If any of the items subject to proration under the foregoing provisions of
this Section 8.4 cannot be prorated at the Closing because of the
unavailability of the information necessary to compute such proration, or
if any errors and omissions in computing prorations as the Closing are
discovered subsequent to the Closing, then such item shall be reapportioned
and such errors and omissions corrected as soon as practicable after the
Closing date and the proper party reimbursed, which obligation shall
survive the Closing for a period of ninety (90) days after the Closing Date
as hereinafter provided. Neither party hereto shall have the right to
require a recomputation of a Closing proration or a correction of an error
or omission in a Closing proration unless within the aforestated ninety
(90) day period one of the parties hereto (I) has obtained the previously
unavailable information or has discovered the error or omission, and (ii)
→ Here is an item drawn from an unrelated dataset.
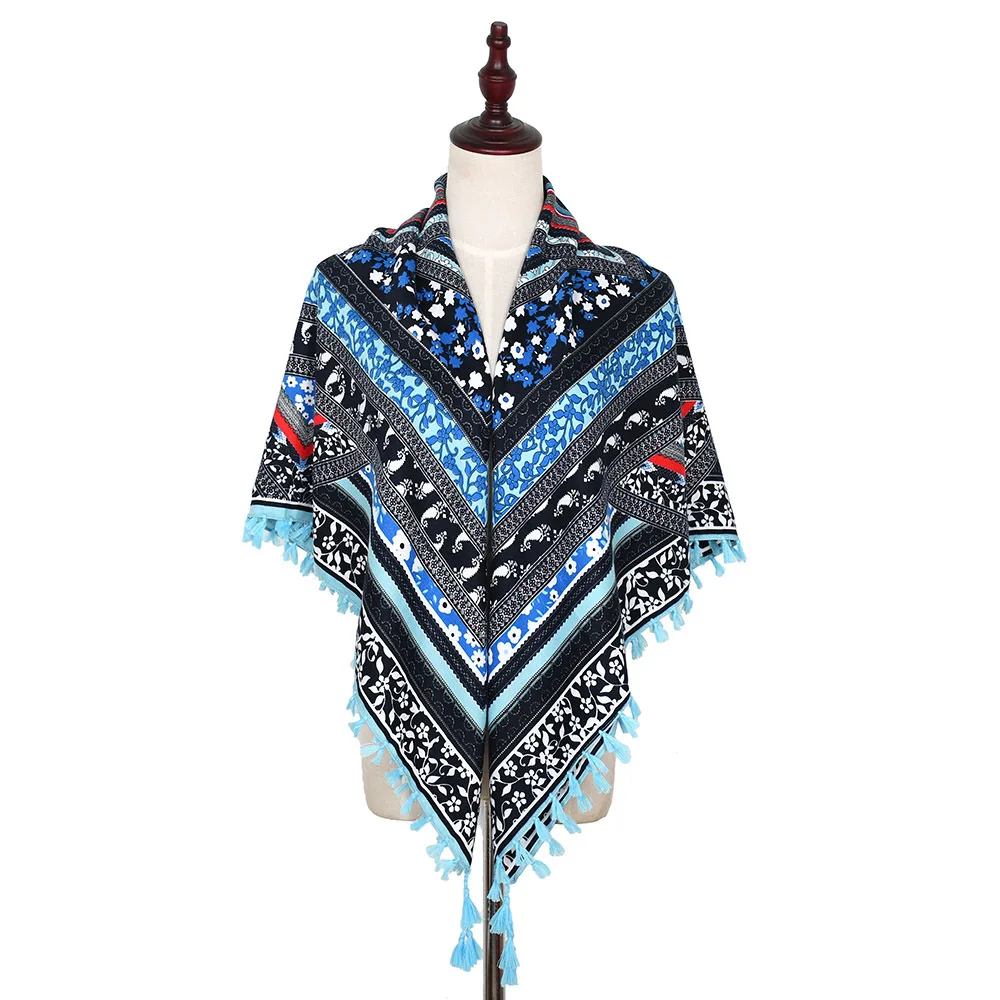 Bohemian Scarf Women Winter Wrap Shawl Retro Floral Tassel Female Scarf Big Square Scarf Cotton Foulard Handkerchief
has given notice thereof to the other party together with a copy of its
good faith recomputation. The failure of a party to obtain any previous
unavailable information or discover an error or omission with respect to an
item subject to proration hereunder and to give notice thereof as provided
above within ninety (90) days after the Closing Date shall be deemed a
waiver of its rights to cause a recomputation or a correction of an error
or omission with respect to such item after the Closing Date.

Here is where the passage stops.